Он открыл ящик письменного стола, достал оттуда кастет и остатки денег, а потом провалился в материнское лоно Уманской ночи. Нет ничего более непостижимого, чем осенняя ночь на Лысой Горе, когда что-то запредельное скалится на тебя из-за колышущихся веток дубовой рощи. Блажен, кто приобщился к этой тайне, кто остановился внезапно на своем запутанном пути «с дискотеки» и вдруг, мгновенно трезвея, услышал, о чем шепчут все эти листья, и что им отвечает седовласая луна.
Саша здесь вырос. Под этим вот дубом, например, они в первый раз целовались с Лидкой из 9-б. Ему тогда еще казалось, что она непреодолимо взрослее. Сейчас замужем за одним «частным предпринимателем», бывшим бандитом. Здесь вообще в каждом доме по бандиту - бывшему, настоящему или будущему. Так уж получилось. Поэтому без кастета тут лучше не ходить. А если уж ты не с Лысой Горы, так лучше вообще не ходить, а то деревья могут неожиданно показаться пьяными кровожадными чудовищами.
Впрочем, у Сашки здесь много приятелей. Есть и враги, но такие, что, напади на него кто из чужих, - могут закрыть от ножа своим телом. Ничто так не заставляет чувствовать себя мужчиной, как уважение в глазах твоего врага. Он передумал идти туда, где до двух часов ночи можно было легко «познакомиться» с какой-нибудь дурой.
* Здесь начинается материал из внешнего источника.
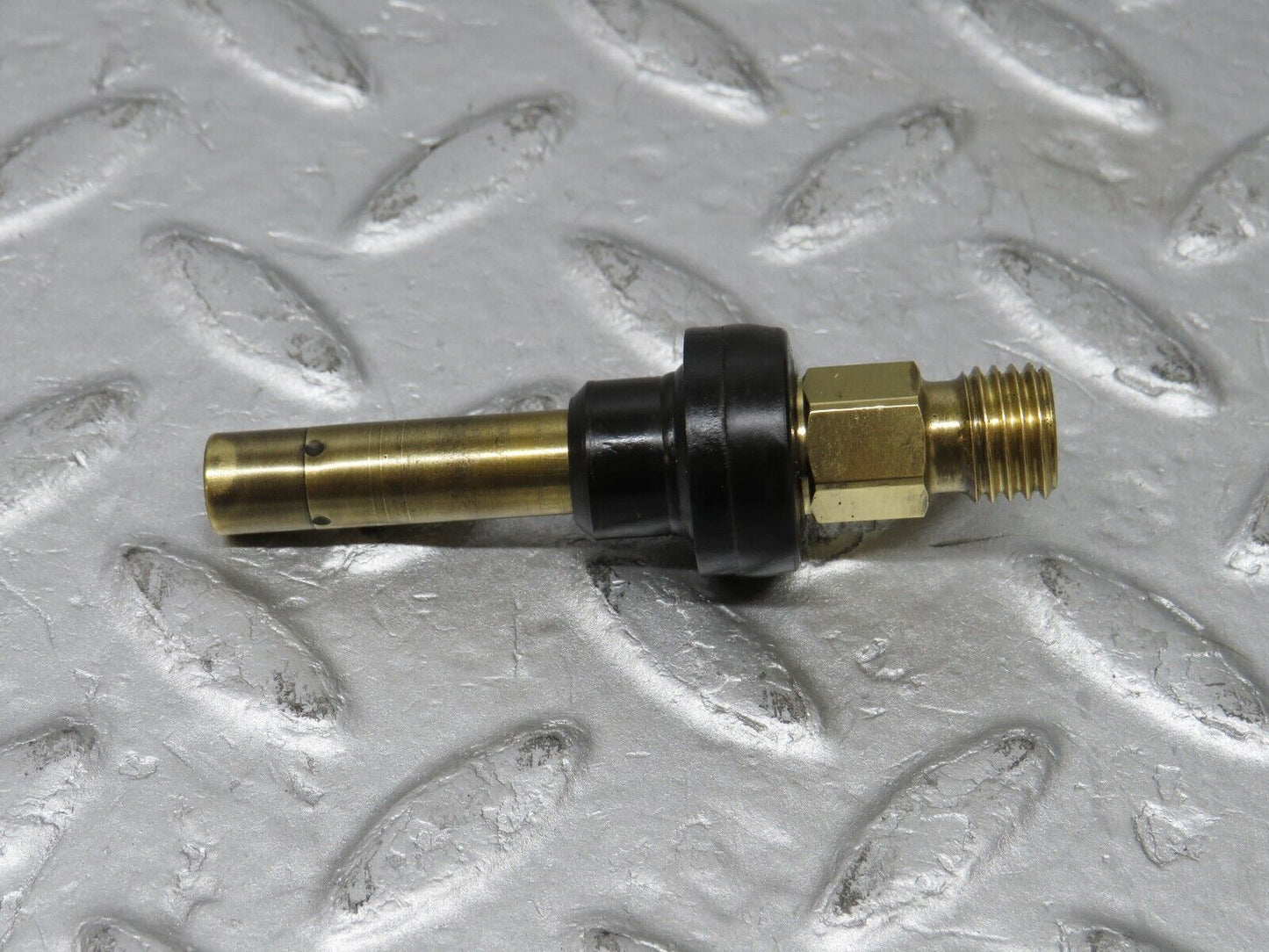 36702 Mercedes-Benz W201 190E Fuel Injector 0437502047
Ему захотелось повидать Лешу Попа, который, как Саша в глубине души понимал, был его лучшим другом, а если уж совсем честно - то другом единственным.
Поп - это была Лешина кличка. Он был юродивым. Болтал постоянно о каких-то странных вещах, читал на переменах книжки, страшно стеснялся девочек, не матерился, не мог подтянуться и двух раз, в общем, такой себе стандартный ботаник. Впрочем, нет, вовсе он был не стандартный, ведь учился плохо, почти никогда не делал домашнего задания, спорил с учителями и любил своих одноклассников. За это над ним издевались без цинизма, и Леша в ответ часто беззлобно посмеивался. Еще он сильно верил в Бога.
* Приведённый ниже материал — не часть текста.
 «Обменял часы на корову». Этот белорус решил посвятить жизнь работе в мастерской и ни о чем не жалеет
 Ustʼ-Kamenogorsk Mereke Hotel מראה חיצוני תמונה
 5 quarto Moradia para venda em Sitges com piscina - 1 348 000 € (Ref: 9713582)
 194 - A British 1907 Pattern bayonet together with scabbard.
Они подружились с Сашей так: их общий одноклассник не уступил Саше дорогу. Дело, конечно, было не в том, что он не отошел в сторону, он и не должен был, согласно неписаным правилам, отходить. Просто дружили они с той самой Лидкой из 9 - б, и Саше нужно было его непременно побить, более того, еще нужнее это было самой Лидке, что она явно и показывала. В общем, завертелось, а учителей, как назло, поблизости совсем не было, и звать их, конечно же, никто не собирался. Саша был «круче», к тому же намного злее, но противник его не сдавался, хотя у него уже лилась из носа кровь. Дело шло к сотрясению мозга. Тут и вмешался Леша, вцепившись своими неловкими граблями в Сашино туловище, и вопя что-то вроде «не надо, он ведь не специально».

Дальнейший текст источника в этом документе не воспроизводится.